I signed up just to add to this thread, as this is one I followed when I had the same loss-of-power-issue.
I have a '21 850, witting around 1500 hours right now. I keep up on maintenance, although I'll have to admit I had been missing the pillow block bearing so good I was deep diving the issues.
I had no warning, buggy was running fine, but yesterday coming up the laneway, she lost all power. I could sit a moment, then it would go maybe 4 feet, then die. I could hear a hissing sound from the right side, I assumed that was the fuel cap.
Anyway, got it back to the garage, pulled off the air filters, coils and pulled the plugs. They had probably 500 hours on them, but they looked fine. Gapped and replaced them, cleaned out the boots and bolted everything back together. Air filters were new, but checked them anyway. No issue with inner or outer. Started it up, same thing, 4 feet, dead. Could rev the engine in neutral no problem, 3000-4000 RPM. But try and drive it, nope. I live in 99% pure dust, so I can't run these things without an air filter except in winter, or I would have tried that....
So I went and ran the numbers on some of the sensors, and THEY were all checking out. I pulled all of the breather hoses I could, just to check for obstructions, it just seemed like it was getting choked. Really looking, I saw that hard line that runs to the air filter box, coming in from the bottom. No real easy way to get that off there, so what the heck I stick a shop vac hose in there...

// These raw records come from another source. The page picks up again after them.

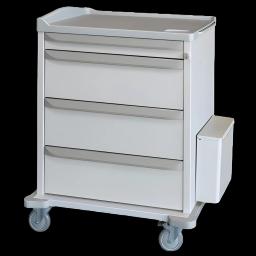 https://us-stg-media.usamedpremium.com/public/assets/Catalog/Images/USAMP-63246002.webp
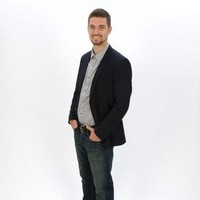 Alexander Neil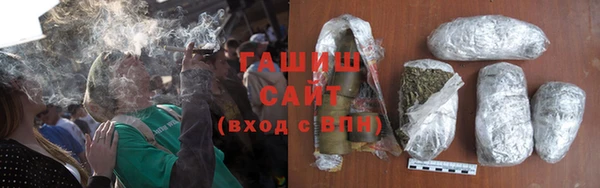 не бодяженный Богданович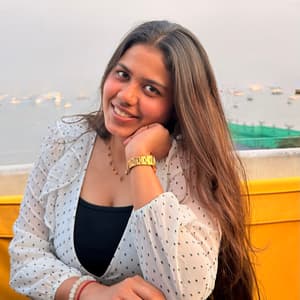 ami_ghogharii profile picture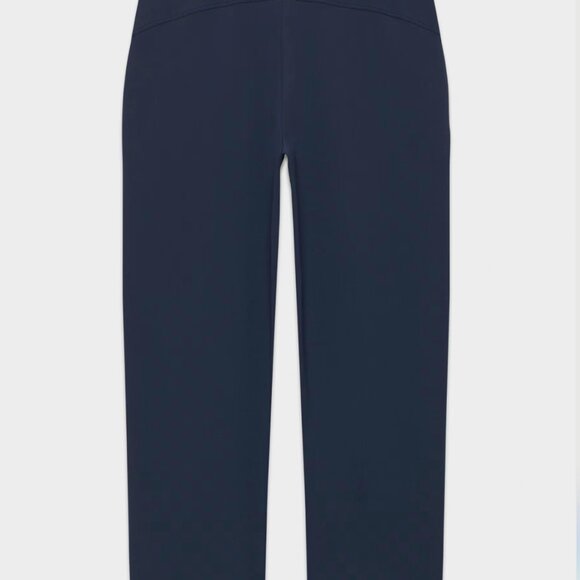 Aritzia The Group by Weekender Pant - Picture 4 of 7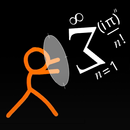 Stickman Animation Vs Math APK
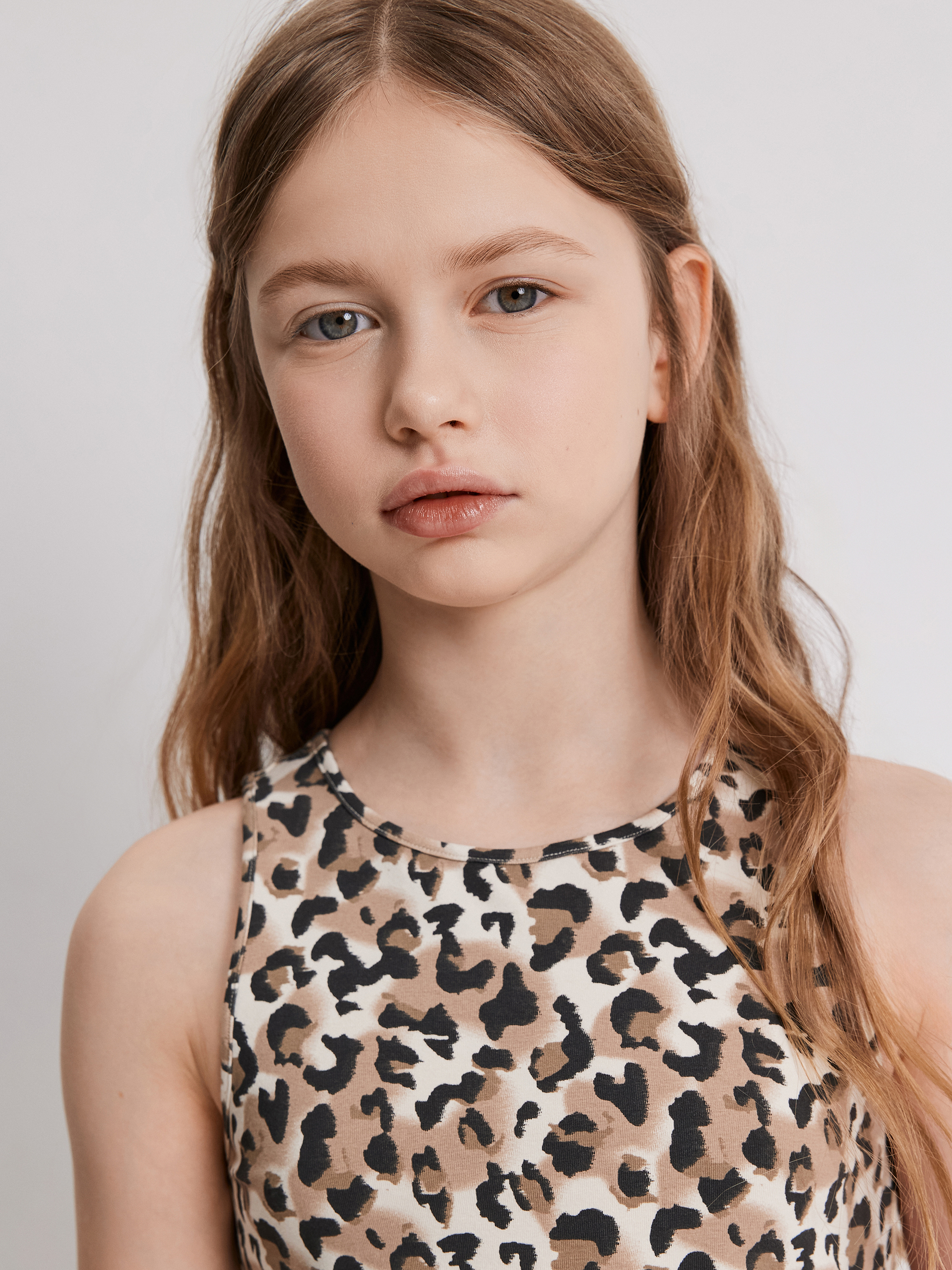 Комплект Acoola 20244200006_0095944 - фото 6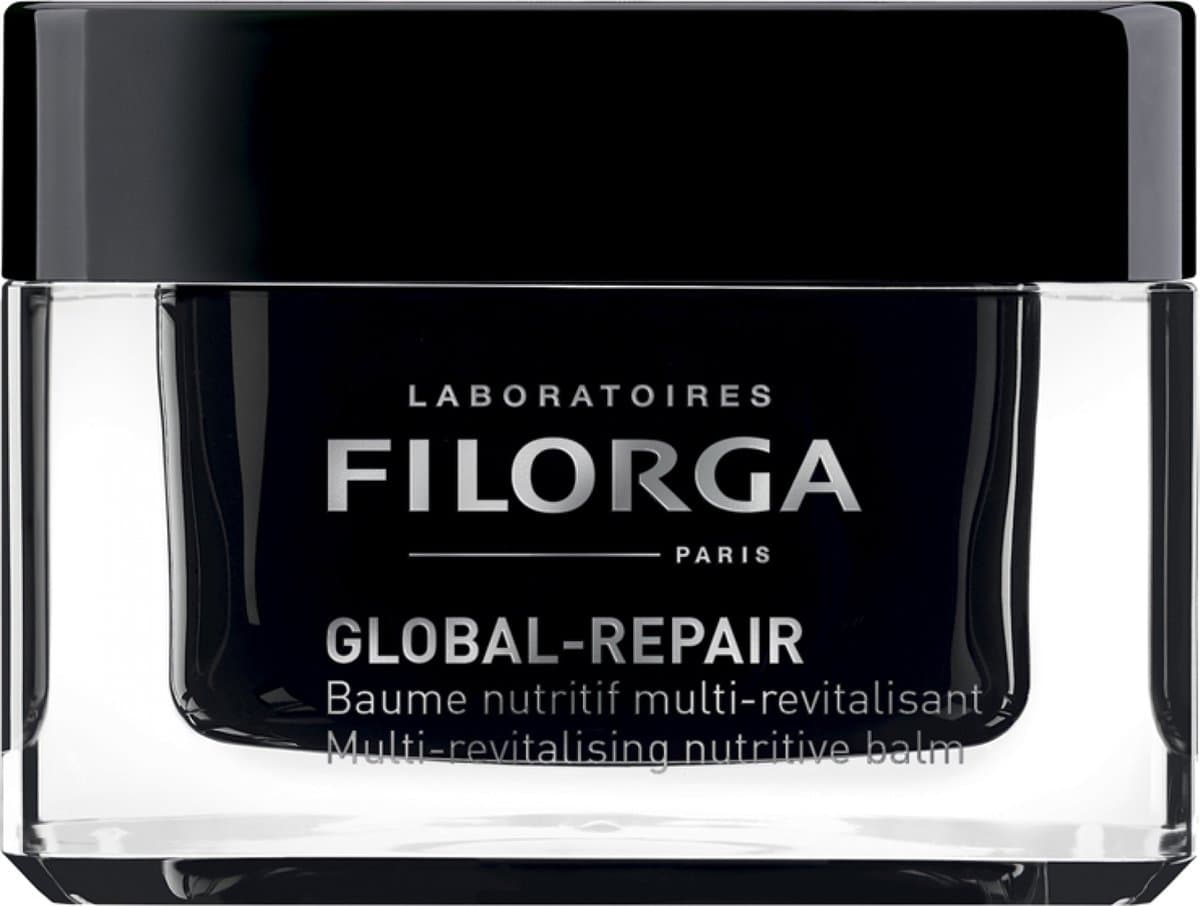 Filorga - Multi-revitaliserende Voedende Balsem Global Repair 50 ml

It sounds like it's fighting something, which isn't right for an air feed. I take a real good look at the air filter and there is a pink ring about the size of that air tube on the side of the outer filter, so I fashion a better seal on that tube and give er again with the vac. BOOMF. Just a mass of congealed packrat, a good sized one too. Had cemented itself just down the inlet so it wasn't visible at all. But there it was. Today I plan to follow that hard line and see where it gets air from, see if there isn't a way to screen that off as it's got to be pretty big to get a packrat in there (I absolutely hate packrats, that is the single most destructive animal we have here, and I'm in the deep deep woods). I will update when I get that figured out. Funny thing is I do recall catching the faint smell of "dead mouse" around the buggy but can't recall how long. I figured whatever it was would just dry itself out.
Sorry for the ramble, wanted to make the first post a doozy.
That said, for anyone looking at one of these...I read all the "deez are da crap, dey gots da subarus and dey all crap" posts, and look, EVERY buggy is going to have issues, we ride them hard, we work them hard. My experience (and I have NO affiliation to Kubota, I personally think their pricing is insane, but love their products) is this:
I have used this buggy to haul full loads of logs out of the forest, 15 full cords a year, and since I'm on a mountain, that's constant 10-30deg runs. I have a half mile laneway that has 7 switchbacks and a rise of 300'. We get up to 10' drifts of snow. I use the buggy with a plow on it to clear that driveway. I've pulled pickups and an old blazer around with it. I've gone mudding with it, I use the roof as a shooting rest. The thing has not had a single issue, nothing (well less packrat incursion). I DO keep up on all the maintenance, I DO use a bit of seafoam in the gas and in the crankcase (anyone who says it shouldn't be used in a crankcase quite literally doesn't know what they are talking about).
In fact, the only negative was the factory battery, it died in less than a year and the dealer didn't want to replace, but meh, I can live with that. Oh and the tires (in the pic) only lasted about 1000 hours, but again, ROUGH use. I ended up ordering those same ties, just upgraded the rims, because they worked on dust, mud and ice.
Anywhoo...hopefully this post is of help to anyone looking up the same issue, it does seem that inlet is a weak point, maybe I've lost a screen or something, that packrat was about a foot long. YES they are extremely flexible, but it shouldn't have been able to get in there.